- Data excerpts -
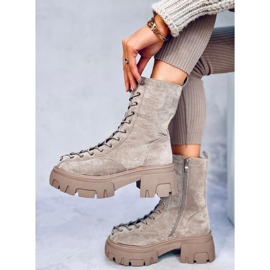 Botas de mulher Wayne Khaki com atacadores bege 2 Botas de mulher Wayne Khaki com atacadores bege 2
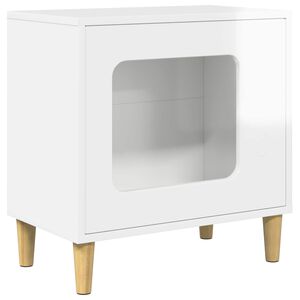 vidaXL Katt Hus Glanset Hvit 51 x 30 x 52 cm Konstruert tre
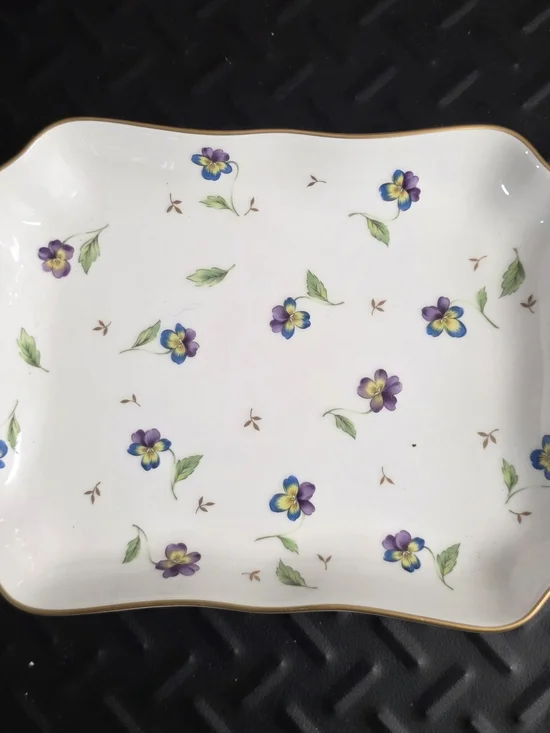 Porcelain Serving Platter with Purple Floral Pattern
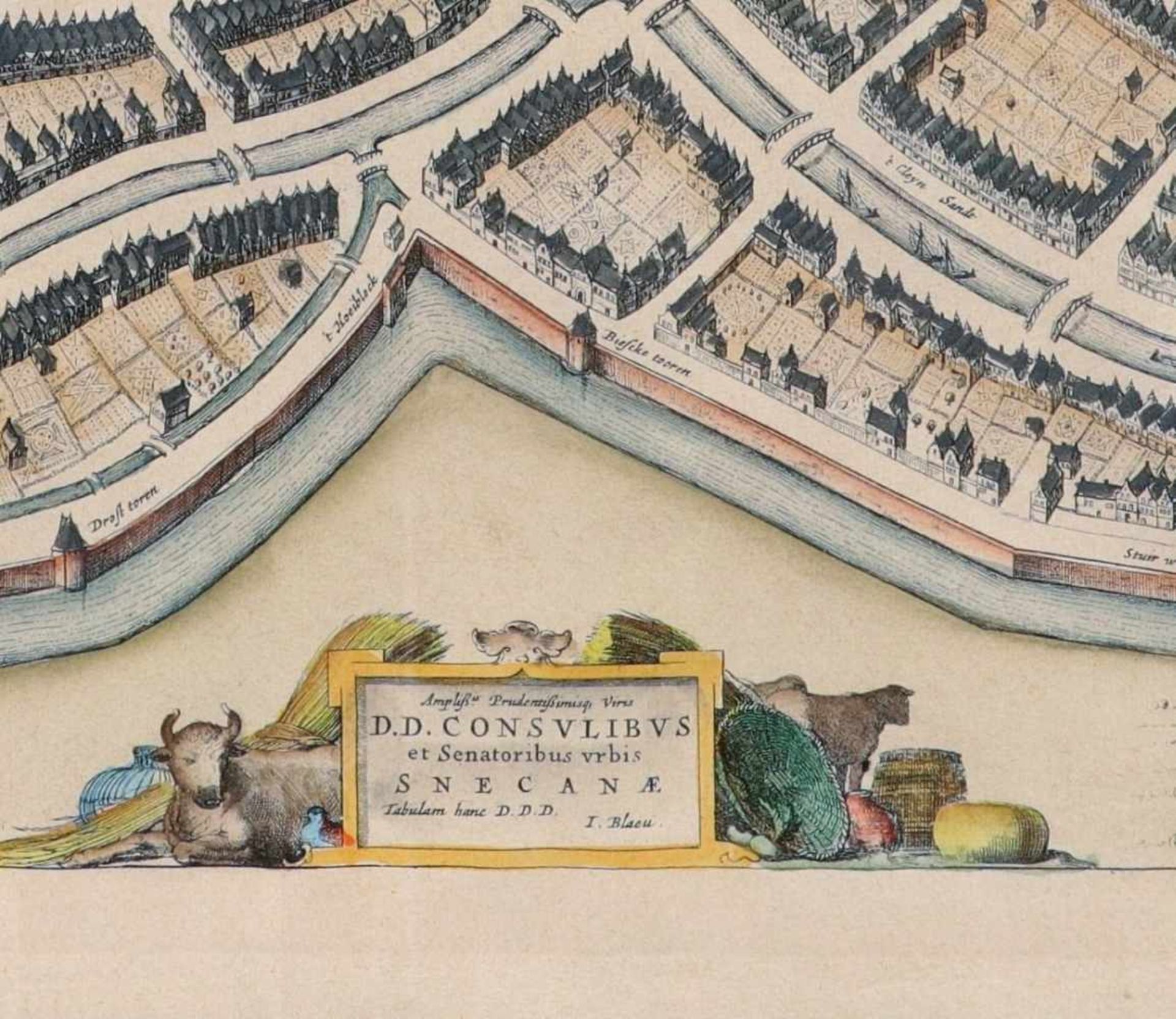 Joan Blaeu; Antique map of Sneek (c.1649)An Antique map of Sneek by Blaeu. Copper engraving by - Bild 4 aus 7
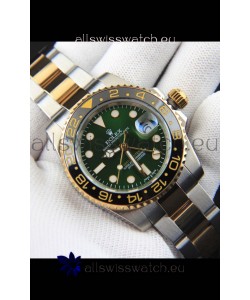 Rolex GMT Masters II 2 Tone Rose Gold Plating Japanese Replica Watch Green Dial
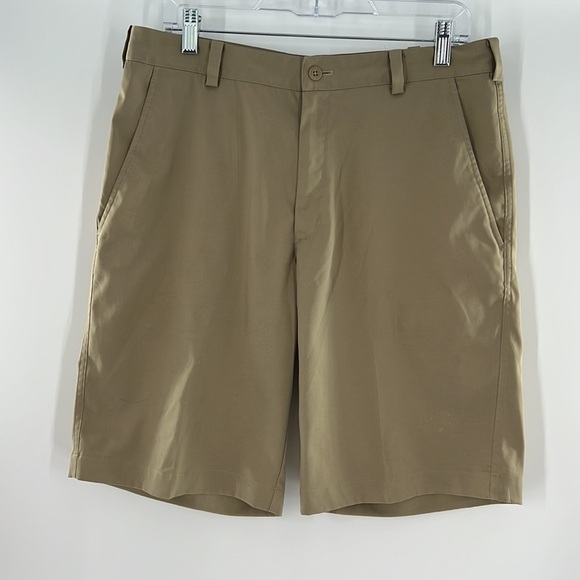 NIKE GOLF DRI-FIT HYRID 10.5 STRETCHY FIT TACKY WAISTBAND TAN GOLF SHORTS 32 - Picture 1 of 7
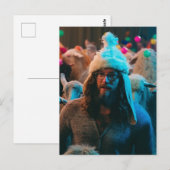 Grappige Jezus en schapen op een verjaardagsfeestj Briefkaart (Voorkant / Achterkant)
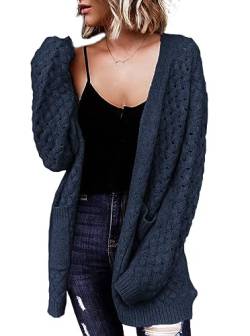 Lange Strickjacken Für Damen Zopfstrick-Cardigans Damen-Langarm-Cardigan Mit Offener Vorderseite Modischer Hohlpullover Mantel Oberbekleidung Herbst-Winter-Strickpullover Mit Taschen Marineblau L von LCDIUDIU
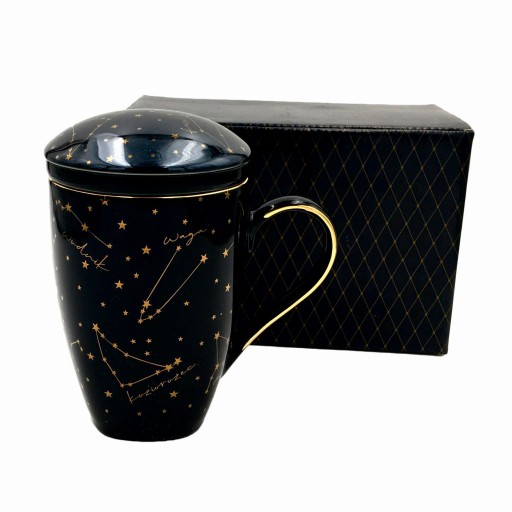 KUBEK BOGUCICE Z ZAPARZACZEM ZODIAK BLACK 0973 PORCELANA ZAPARZACZ 350ml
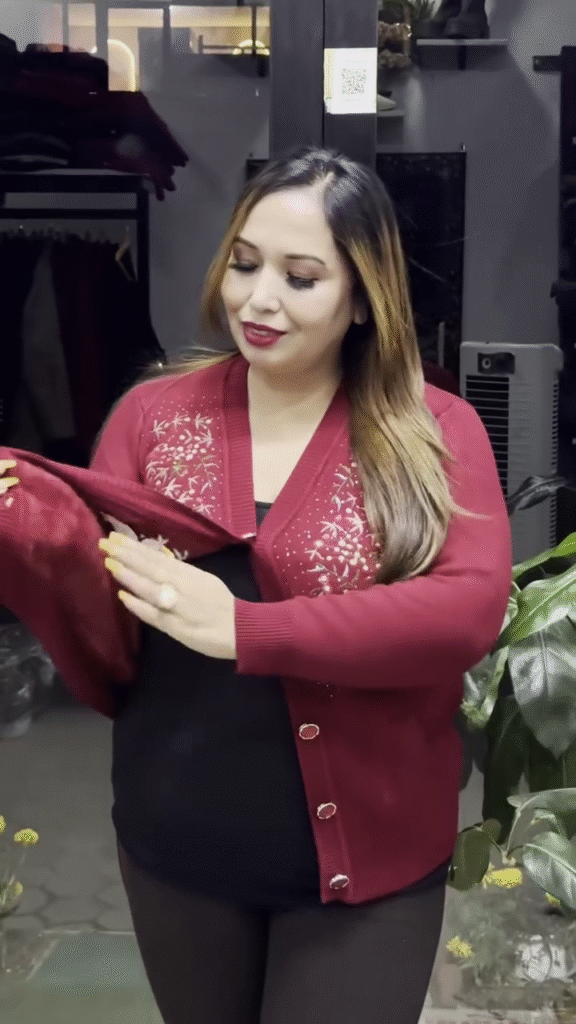 Floral V-Neck Knit Cardigans 🌸🧥 – Purple, Black & Beige Variants with Button Closure & Boutique Styling - Photo 3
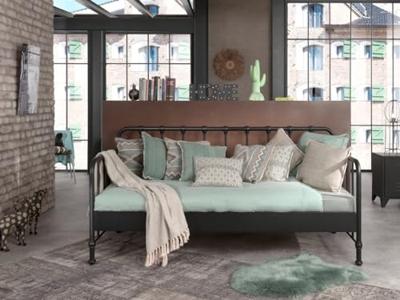 Vipack Bedbank Bronxx - zwart - 90x200 cm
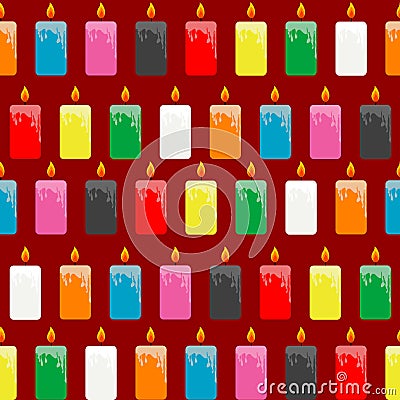 Wrapping papaer with colored candles on red background Vector Illustration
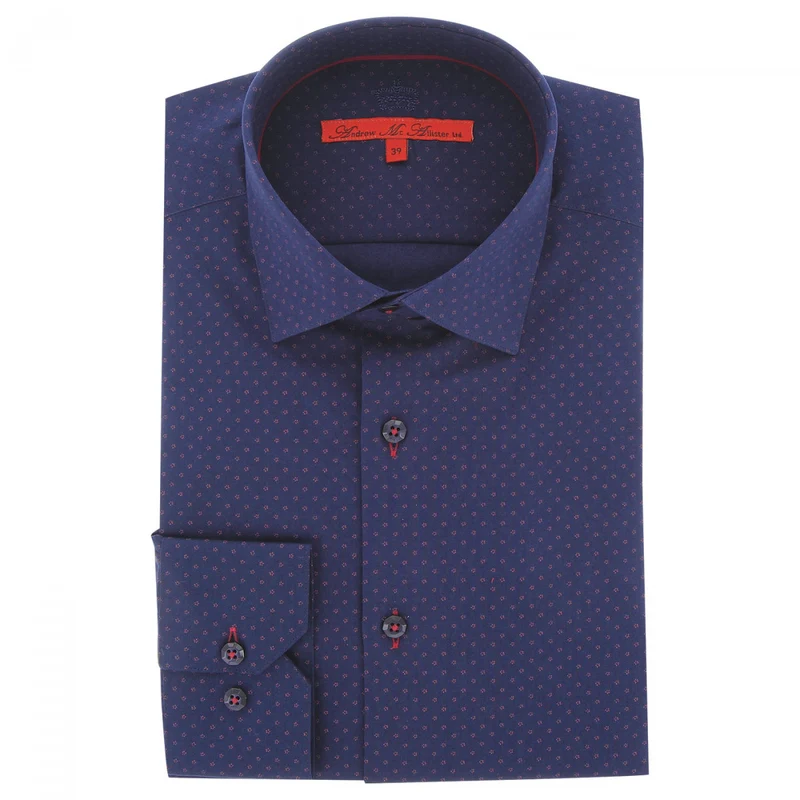 Chemise homme tissu imprimé coupe droite BLUEINK Andrew Mac Allister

- Task description -
Everything in the material must be duplicated exactly, except the pictures.

- Answer area -
 Botas de mulher Wayne Khaki com atacadores bege 2 Botas de mulher Wayne Khaki com atacadores bege 2
 vidaXL Katt Hus Glanset Hvit 51 x 30 x 52 cm Konstruert tre
 Porcelain Serving Platter with Purple Floral Pattern
 Joan Blaeu; Antique map of Sneek (c.1649)An Antique map of Sneek by Blaeu. Copper engraving by - Bild 4 aus 7
 Rolex GMT Masters II 2 Tone Rose Gold Plating Japanese Replica Watch Green Dial
 NIKE GOLF DRI-FIT HYRID 10.5 STRETCHY FIT TACKY WAISTBAND TAN GOLF SHORTS 32 - Picture 1 of 7
 Grappige Jezus en schapen op een verjaardagsfeestj Briefkaart (Voorkant / Achterkant)
 Lange Strickjacken Für Damen Zopfstrick-Cardigans Damen-Langarm-Cardigan Mit Offener Vorderseite Modischer Hohlpullover Mantel Oberbekleidung Herbst-Winter-Strickpullover Mit Taschen Marineblau L von LCDIUDIU
 KUBEK BOGUCICE Z ZAPARZACZEM ZODIAK BLACK 0973 PORCELANA ZAPARZACZ 350ml
 Floral V-Neck Knit Cardigans 🌸🧥 – Purple, Black & Beige Variants with Button Closure & Boutique Styling - Photo 3
 Vipack Bedbank Bronxx - zwart - 90x200 cm
 Wrapping papaer with colored candles on red background Vector Illustration
 Chemise homme tissu imprimé coupe droite BLUEINK Andrew Mac Allister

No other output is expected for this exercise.